Zhang Chunlei has been detained by the Chinese authorities since 16 March 2021. An elder of Love (Ren’ai) Reformed Church in Guiyang in Guizhou Province, his detention began when he visited a police station in Guiyang to ask about ten Christians from his church who had been taken away during a police raid on a privately rented property where they were holding a retreat.
Upon his inquiry, police officers raided Zhang’s home, and those of several other church members, subsequently accusing him and three others of ‘illegally operating as an association’. Chen Jianguo, Li Jinzhi and Li Lin were released several days later on 20 March, but Zhang has remained in detention ever since.
Presumably by design, Zhang’s case has proven typically hard to disentangle over the past three years, with the charges against him changing on multiple occasions. On 28 March 2021 reports emerged that he had been criminally detained – meaning that any time he spent in detention from that date on would count towards any jail term if he was convicted – at this point on suspicion of ‘fraud’.
On 1 May that same year Zhang was formally arrested on the fraud charge, having already spent nearly seven weeks in detention. A November 2021 social media post by his wife later revealed further details, namely that the Public Security Bureau in Guiyang had accused Zhang of ‘not having the status of a state-approved religious clergyman while holding religious gatherings and swindling believers of about 100,000 RMB [11,600 GBP].’
Months later, in January 2022, it emerged that the authorities had levelled an additional charge of ‘inciting subversion of state power’ against him, with procurators telling his lawyer that they were reviewing the alleged offences of ‘fraud’ and ‘incitement’ as one combined case.
Zhang denies both charges. In a recent letter shared by his lawyer, he wrote: ‘I firmly deny the charge of fraud. As for inciting subversion of state power, I have no subjective intent. Both of these charges are trumped up, using political framing and economic stigmatization to cover up religious persecution.’
Indeed, targeting religious leaders and adherents with financial or political charges like fraud and inciting subversion has become a common tactic of the Chinese authorities. The former in particular is often used to undermine a religious leader’s credibility, while the latter is typically used as a catch-all to target and imprison dissidents.

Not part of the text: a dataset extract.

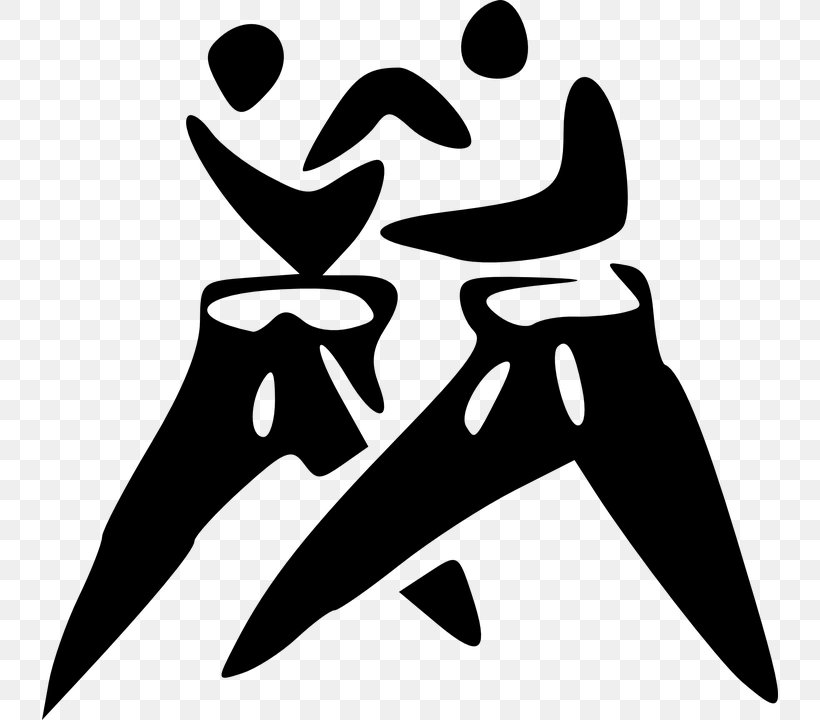 Judo Martial Arts Sport Clip Art, PNG, 736x720px, Judo, Art, Black, Black And White, Dojo Download Free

That Elder Zhang would be identified as such likely relates not only to his leadership of an unregistered church, but also to the fact that he was one of the first signatories of a joint statement calling on the government to respect the basic freedoms and human rights of religious citizens after controversial Revised Regulations on Religious Affairs came into effect in February 2018.

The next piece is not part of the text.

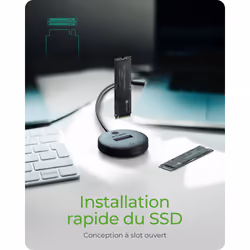 ICY BOX IB-1610MCD-C31 USB 3.2 Gen 2 (3.1 Gen 1) Type-C Noir - Vue supplémentaire 2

Several other signatories to the same statement have been similarly targeted, including Pastor Wang Yi of Early Rain Covenant Church in Chengdu, who is currently serving a nine-year prison sentence on unfounded charges of ‘inciting to subvert state power’ and ‘illegal business operations’, and preacher Li Jie of Covenant Home Church in Linfen, who is fasting approaching two years in detention without trial after he was arrested at a church retreat in August 2022 and later charged with ‘fraud’ alongside two other members of his church.
Zhang reportedly stood trial in November 2022, but the outcome remains unknown. The authorities recently indicated to him that the court wanted to issue a verdict ‘as soon as possible’, but there is little hope for justice. Zhang was previously denied access to his lawyer for six months from June 2021 to January 2022, the authorities attempting to justify this by claiming that ‘the case involves state security’, and more recently concerns have arisen for Zhang’s health and wellbeing.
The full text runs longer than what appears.